(Given entries)
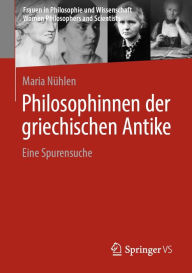 Title: Philosophinnen der griechischen Antike: Eine Spurensuche, Author: Maria Nühlen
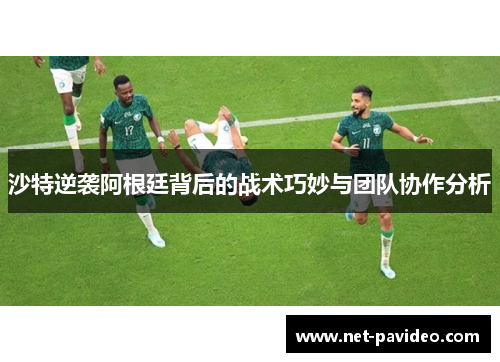 沙特逆袭阿根廷背后的战术巧妙与团队协作分析 沙特逆袭阿根廷背后的战术巧妙与团队协作分析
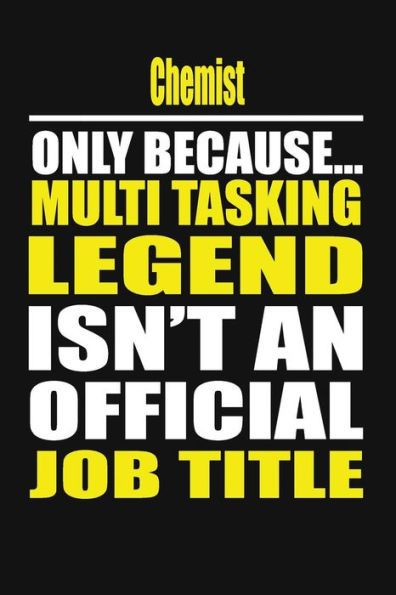 Chemist Only Because Multi Tasking Legend Isn't An Official Job Title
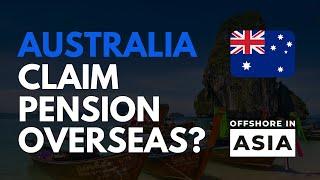 How to get the Australian Pension while Living Overseas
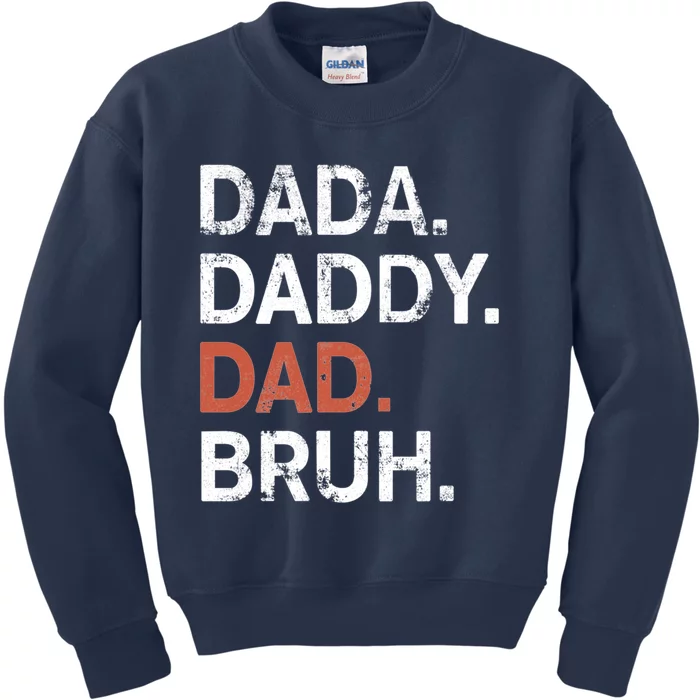 Dada Daddy Dad Bruh Gift Fathers Day 2024 Kids Sweatshirt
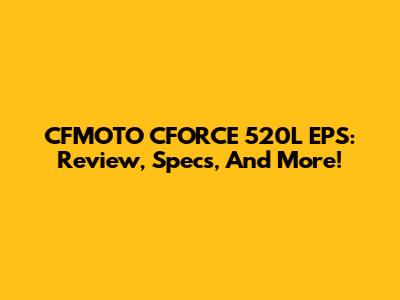 CFMOTO CFORCE 520L EPS: Review, Specs, And More!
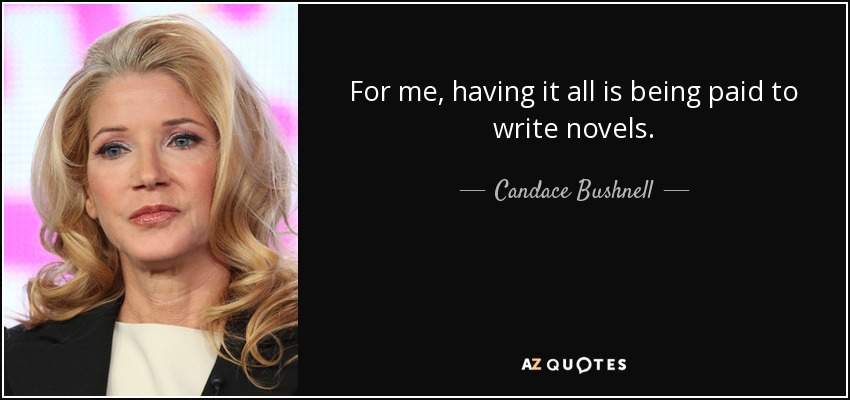 For me, having it all is being paid to write novels. - Candace Bushnell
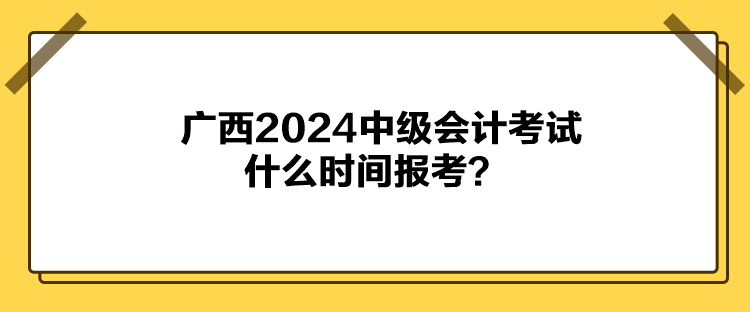 廣西2024中級會計考試什么時間報考？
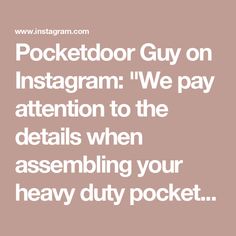 the text reads pocketdoor guy on instagram we pay attention to the details when assembling your heavy duty pocket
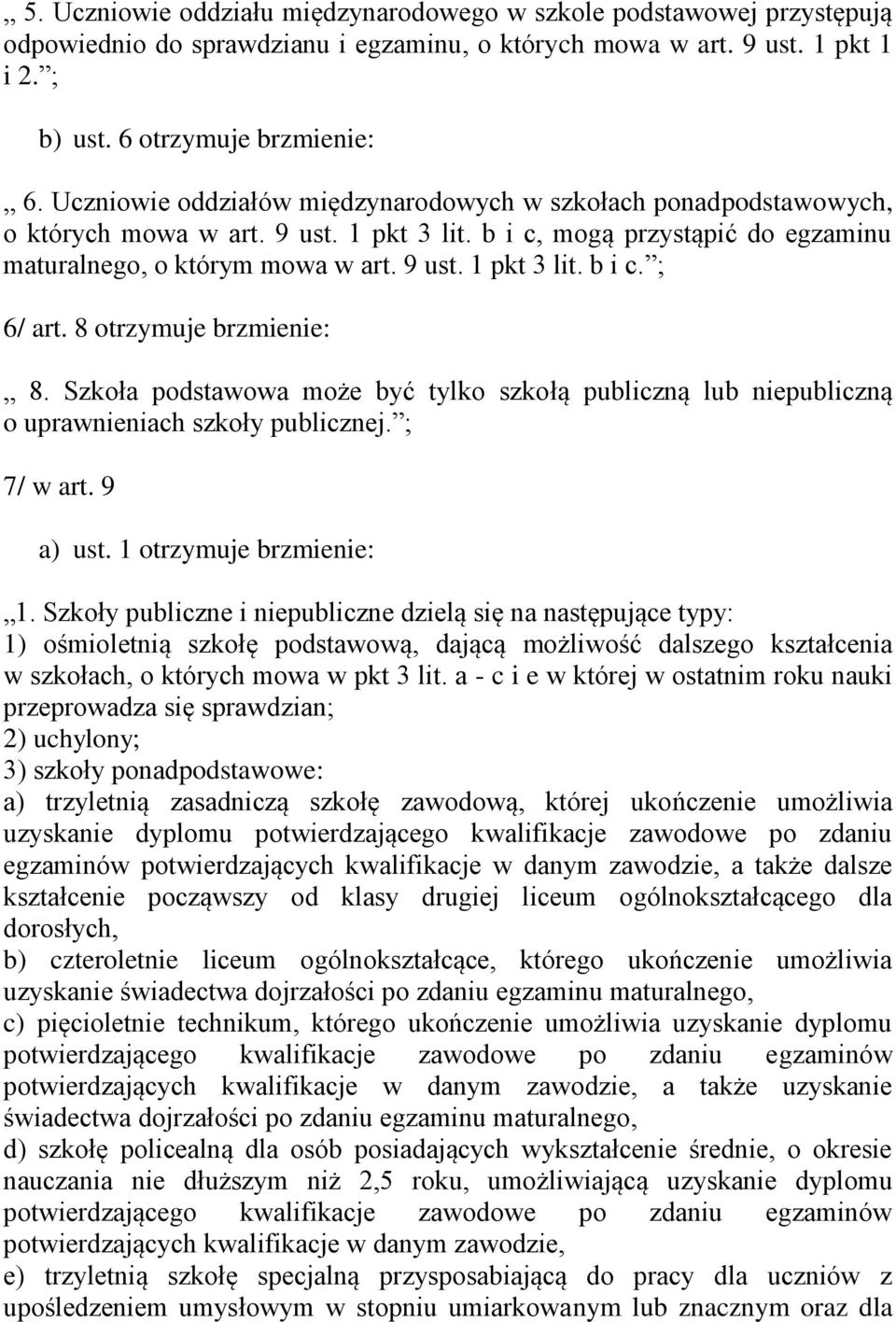 8 otrzymuje brzmienie: 8. Szkoła podstawowa może być tylko szkołą publiczną lub niepubliczną o uprawnieniach szkoły publicznej. ; 7/ w art. 9 1.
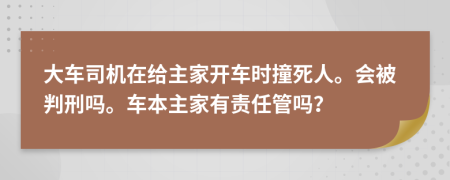 大车司机在给主家开车时撞死人。会被判刑吗。车本主家有责任管吗？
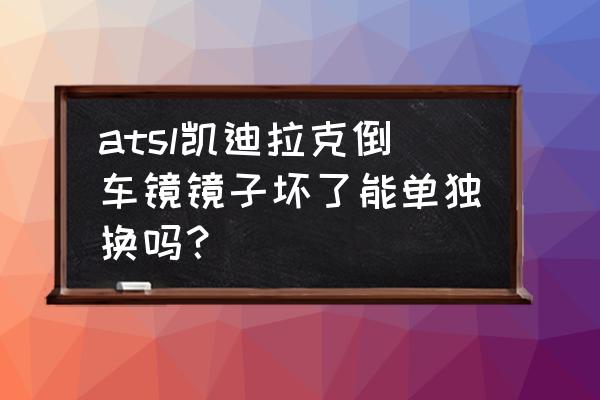 凯迪拉克atsl反光镜外壳多少钱 atsl凯迪拉克倒车镜镜子坏了能单独换吗? 凯迪拉克atsl反光镜外壳多少钱 atsl凯迪拉克倒车镜镜子坏了能单独换吗?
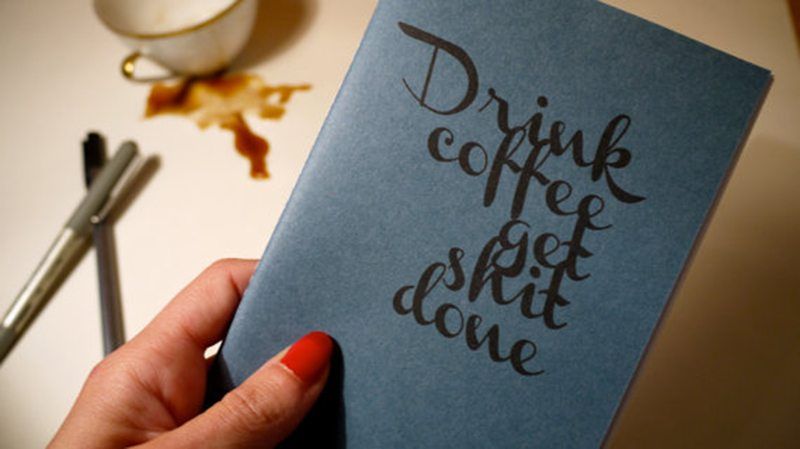 Drink Coffee Get Shit Done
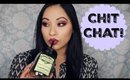 Chit-Chat With Cin: Life updates & makeup ramblings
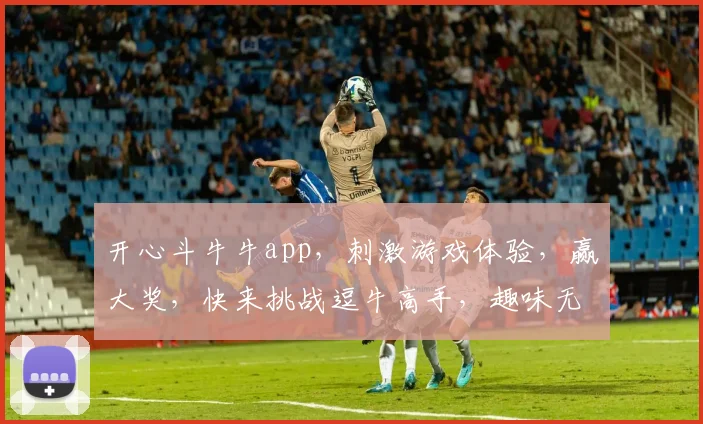 开心斗牛牛app，刺激游戏体验，赢大奖，快来挑战逗牛高手，趣味无限，等你来战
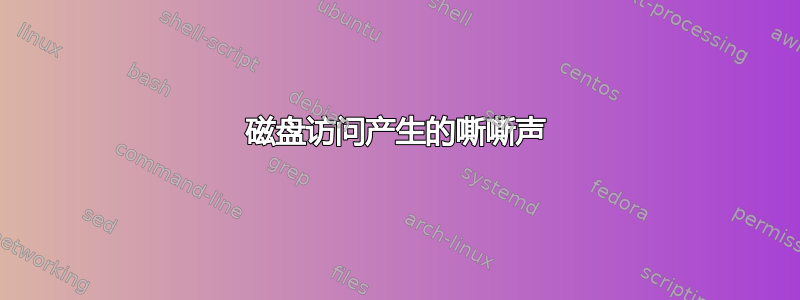 磁盘访问产生的嘶嘶声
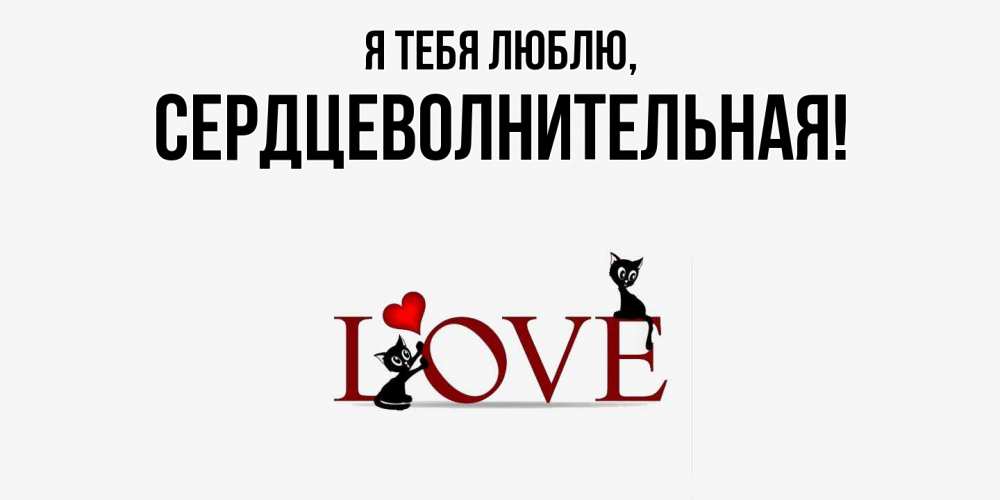 Открытка  для любимых и родных. сердцеволнительная, Я тебя люблю  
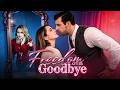 🆕Freedom After Goodbye【Wonderful Drama】#drama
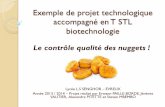 Exemple de projet technologique accompagné en T … · Exemple de projet technologique accompagné en T STL biotechnologie Le contrôle qualité des nuggets ! Lycée L.S SENGHOR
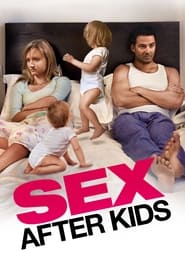 Sex After Kids Sex After Kids
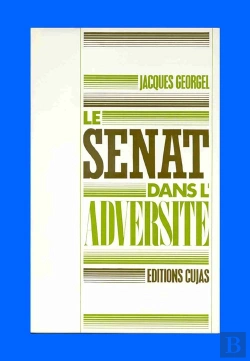 Bertrand.pt - Le Sénat Dans L'Adversité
(End Given entries)
Copy the records exactly; no image should appear in the result.

**Answer to the problem**
 Title: Philosophinnen der griechischen Antike: Eine Spurensuche, Author: Maria Nühlen
 沙特逆袭阿根廷背后的战术巧妙与团队协作分析 沙特逆袭阿根廷背后的战术巧妙与团队协作分析
 Chemist Only Because Multi Tasking Legend Isn't An Official Job Title
 How to get the Australian Pension while Living Overseas
 Dada Daddy Dad Bruh Gift Fathers Day 2024 Kids Sweatshirt
 CFMOTO CFORCE 520L EPS: Review, Specs, And More!
 For me, having it all is being paid to write novels. - Candace Bushnell
 廣西2024中級會計考試什么時間報考？
 the text reads pocketdoor guy on instagram we pay attention to the details when assembling your heavy duty pocket
 8 otrzymuje brzmienie: 8. Szkoła podstawowa może być tylko szkołą publiczną lub niepubliczną o uprawnieniach szkoły publicznej. ; 7/ w art. 9 1.
 大车司机在给主家开车时撞死人。会被判刑吗。车本主家有责任管吗？
 凯迪拉克atsl反光镜外壳多少钱 atsl凯迪拉克倒车镜镜子坏了能单独换吗? 凯迪拉克atsl反光镜外壳多少钱 atsl凯迪拉克倒车镜镜子坏了能单独换吗?
 Drink Coffee Get Shit Done
 Chit-Chat With Cin: Life updates & makeup ramblings
 开心斗牛牛app，刺激游戏体验，赢大奖，快来挑战逗牛高手，趣味无限，等你来战
 磁盘访问产生的嘶嘶声
 Открытка  для любимых и родных. сердцеволнительная, Я тебя люблю  
 🆕Freedom After Goodbye【Wonderful Drama】#drama
 Exemple de projet technologique accompagné en T … · Exemple de projet technologique accompagné en T STL biotechnologie Le contrôle qualité des nuggets ! Lycée L.S SENGHOR
 Sex After Kids Sex After Kids
 Bertrand.pt - Le Sénat Dans L'Adversité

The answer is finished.